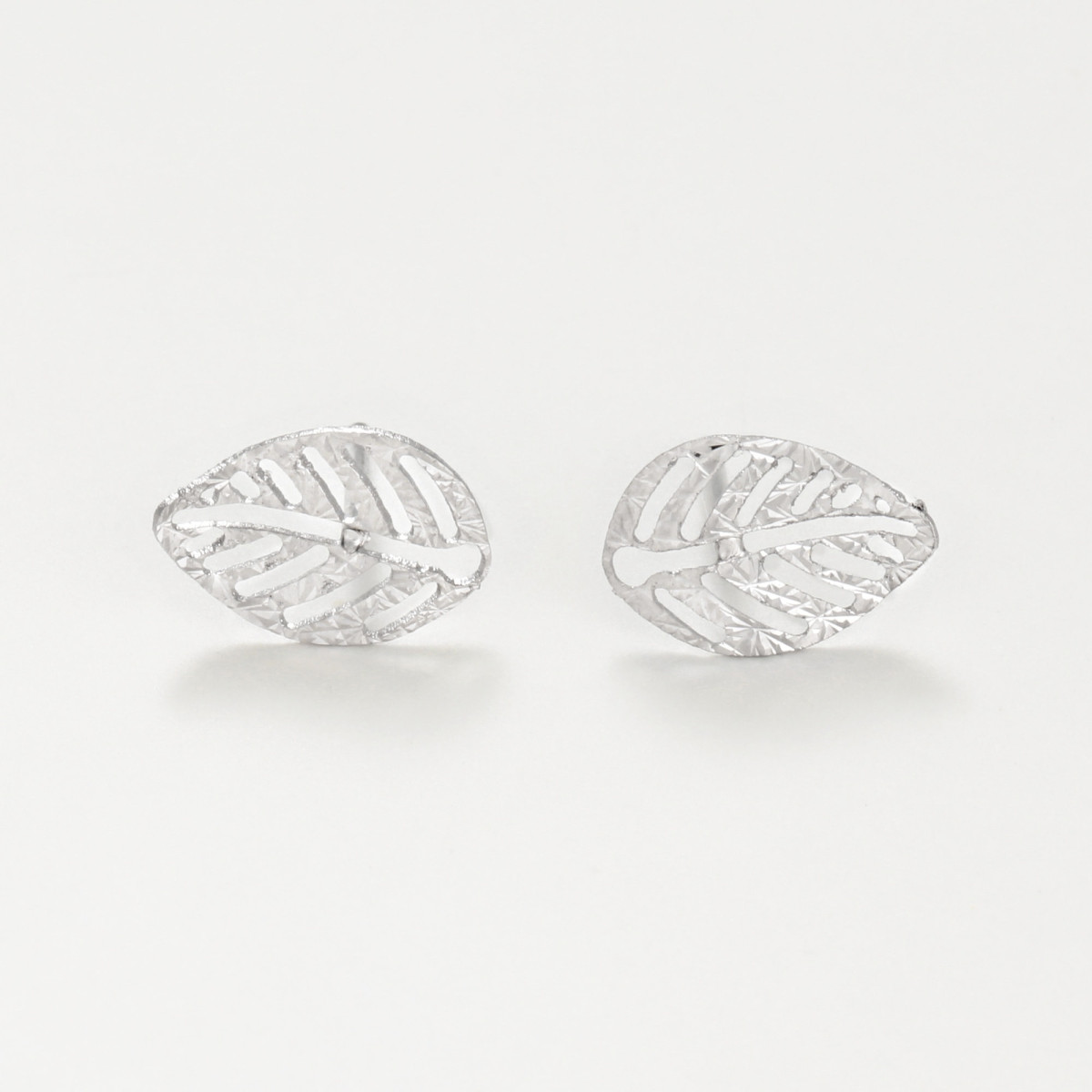 Boucles d'oreilles "Présence" Or blanc Boucles d'oreilles "Présence" Or blanc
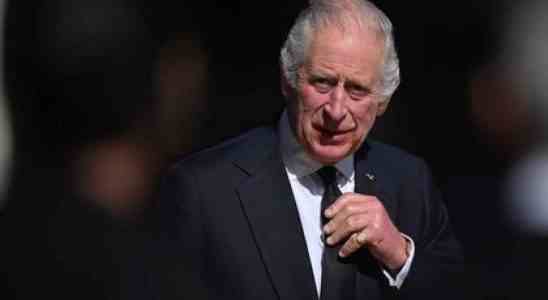 Le roi Carlos III suspend sa visite en France en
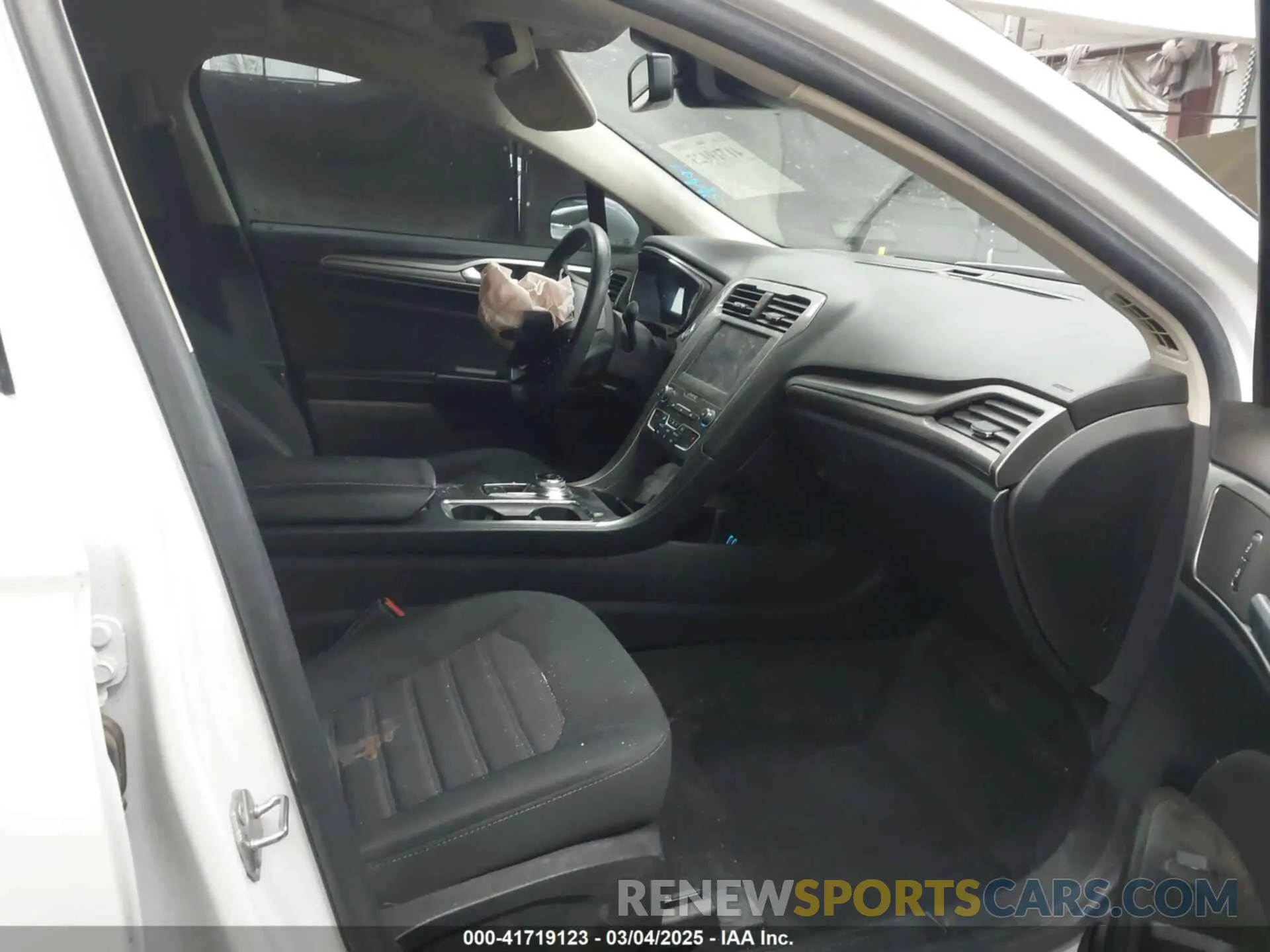 5 Photograph of a damaged car 3FA6P0H70LR155777 FORD FUSION 2020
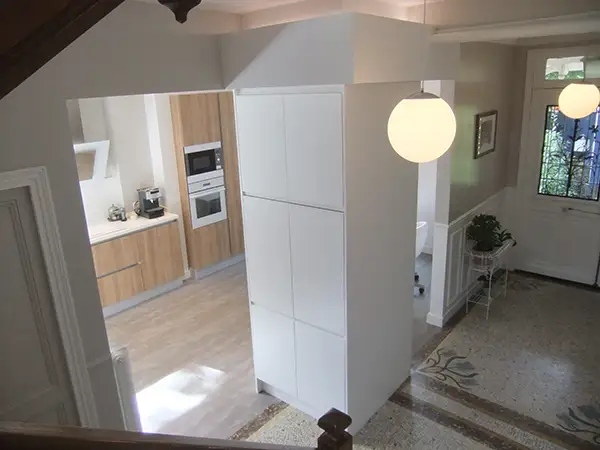 Blocs de rangement blancs dans une meulière rénovée par Home Feeling à Montmorency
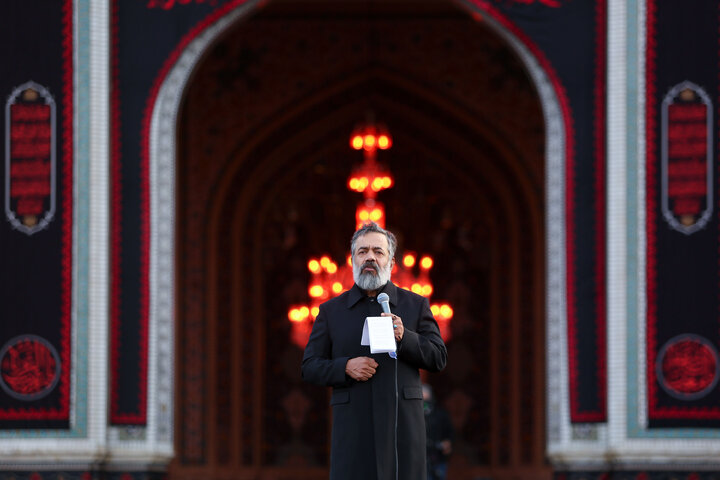 تقرير مصور/ مراسم "التراتيل"بذكرى شهادة الإمام الرضا(ع) في الحرم الرضوي الشریف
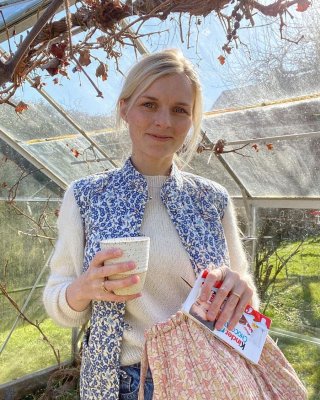 Zoom bild av petite knit inga krusiduller sweater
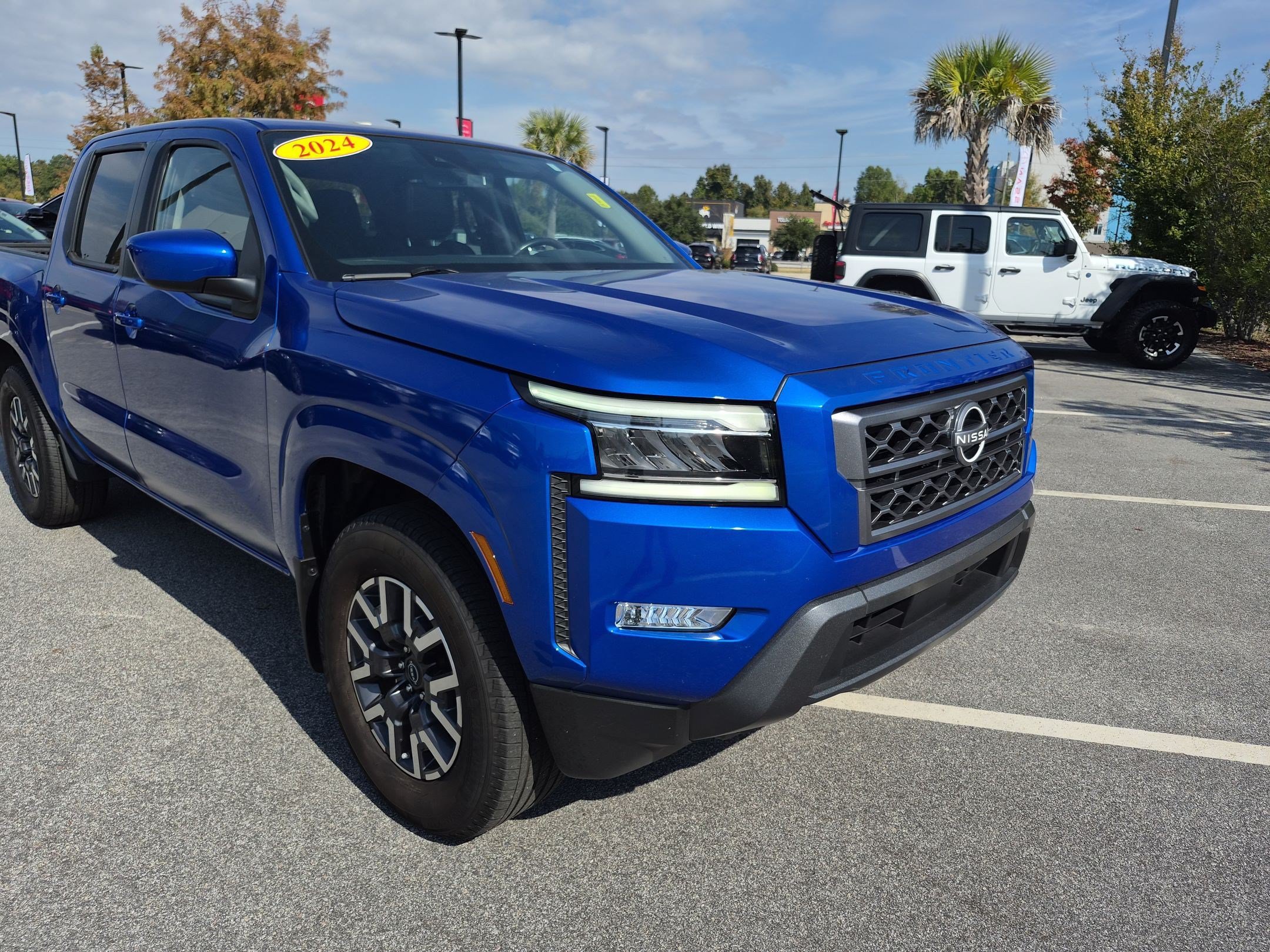 Certified 2024 Nissan Frontier SL w/ Technology Package RWD image 10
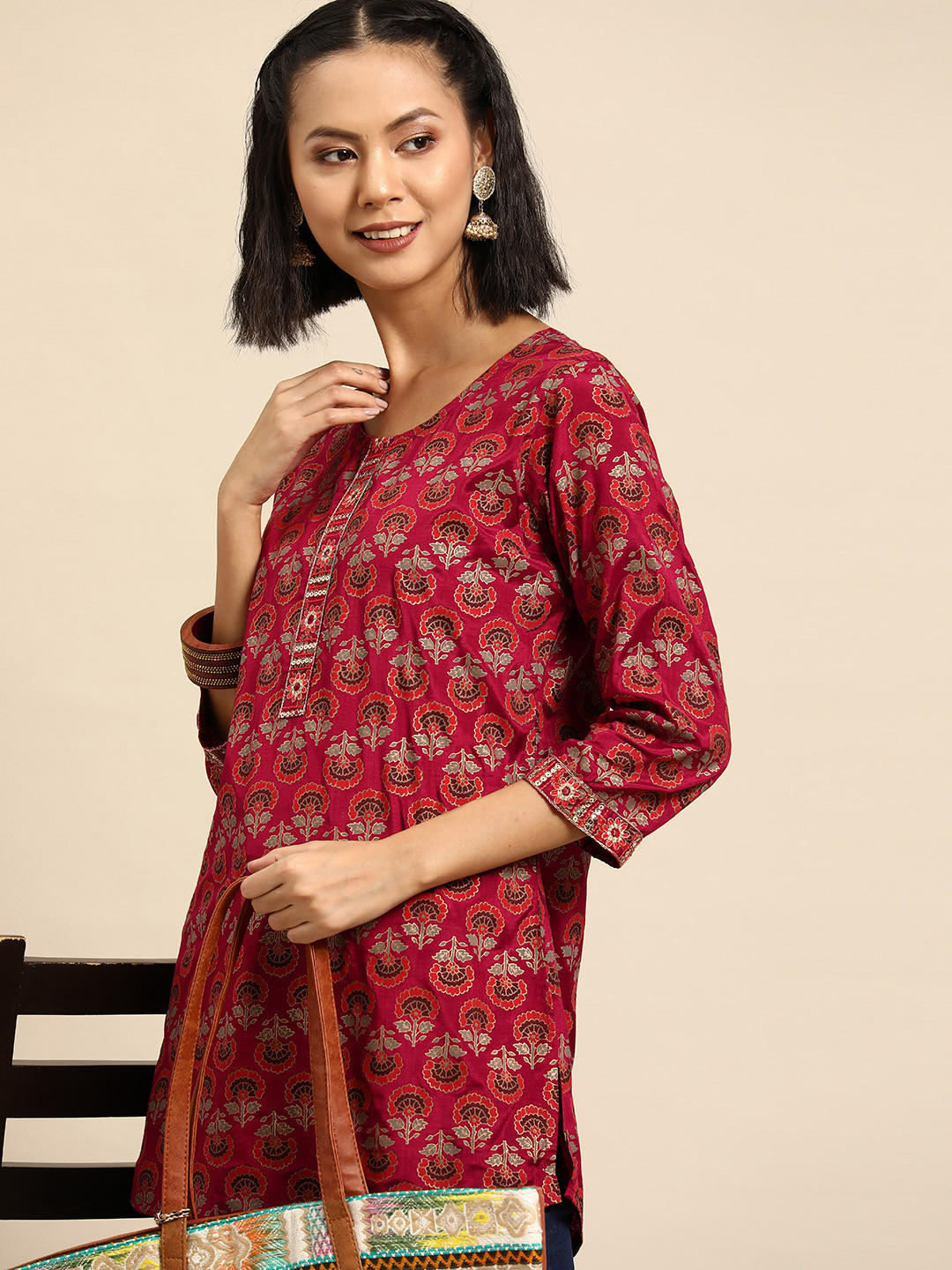 

Sangria Ethnic Motifs Printed Thread Work Thread Work Kurti, Maroon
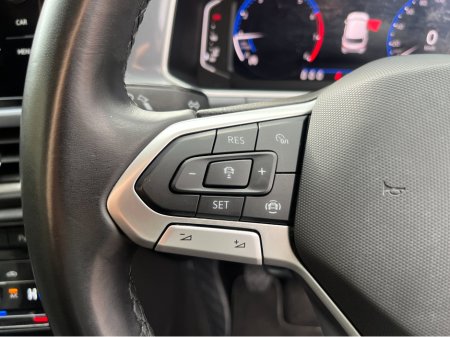 2024 Volkswagen T-Roc - thumbnail 23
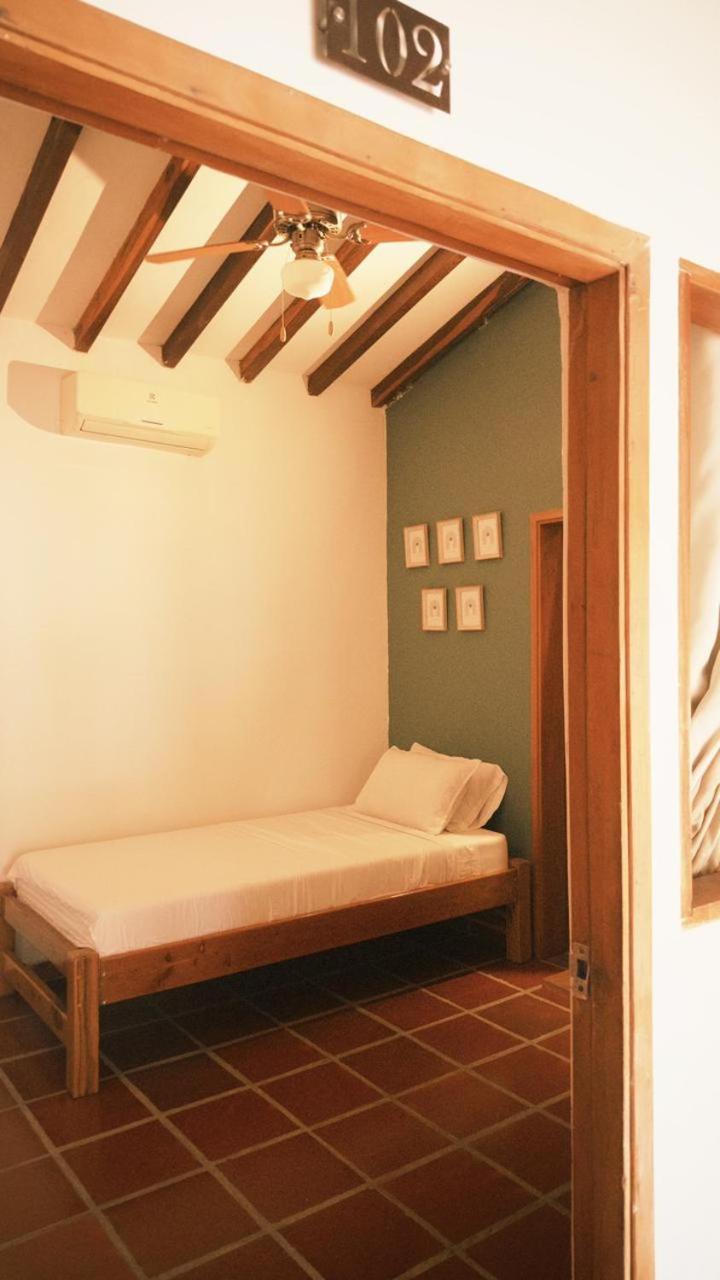 Standard Single Room,1747723740:JPEG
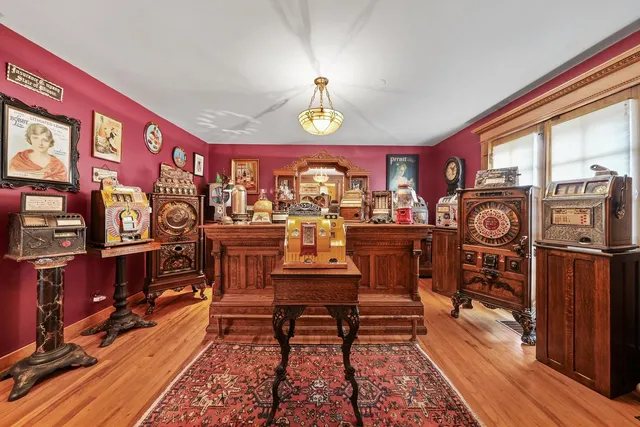 $895,000 | 890 Lake Avenue, Woodstock, IL 60098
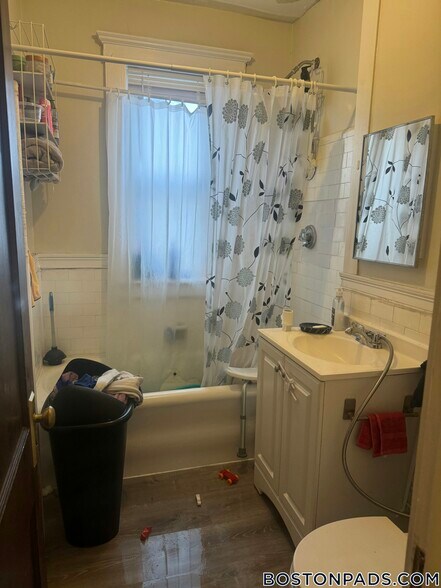 Building Photo - 86 Maple St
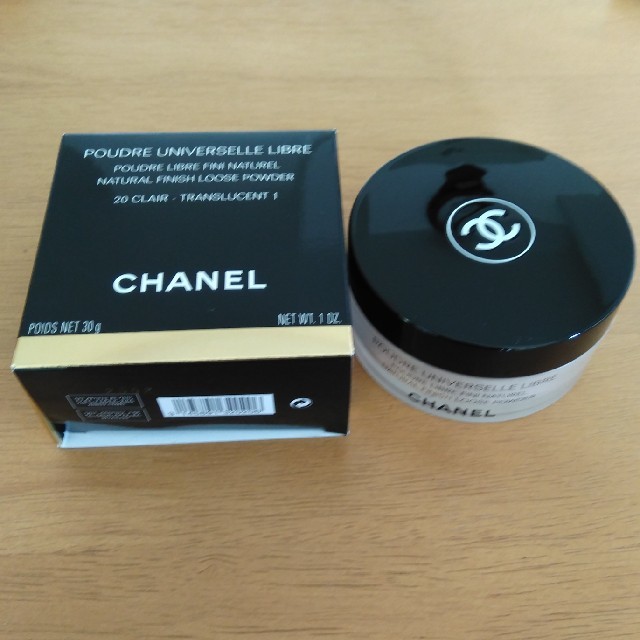 CHANEL(シャネル)のシャネル　プードゥル　ユニヴェルセル　リーブル　20　クレール　フェイスパウダー コスメ/美容のベースメイク/化粧品(フェイスパウダー)の商品写真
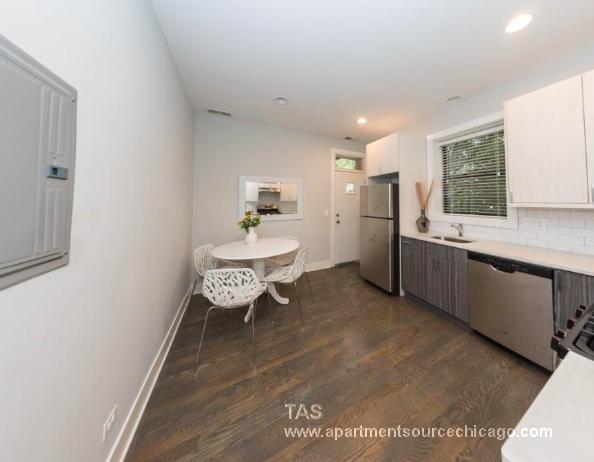 Photo - 2618 N Rockwell St Unit 2F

━━━━━━━━━━

What you write should match, word for word, the lines from the one containing "Standard Single Room,1747723740:JPEG" to the end of the listing, with both ends kept and the pictures left out.

• _Completed task_:
 Standard Single Room,1747723740:JPEG
 $895,000 | 890 Lake Avenue, Woodstock, IL 60098
 Building Photo - 86 Maple St
 CHANEL(シャネル)のシャネル　プードゥル　ユニヴェルセル　リーブル　20　クレール　フェイスパウダー コスメ/美容のベースメイク/化粧品(フェイスパウダー)の商品写真
 Photo - 2618 N Rockwell St Unit 2F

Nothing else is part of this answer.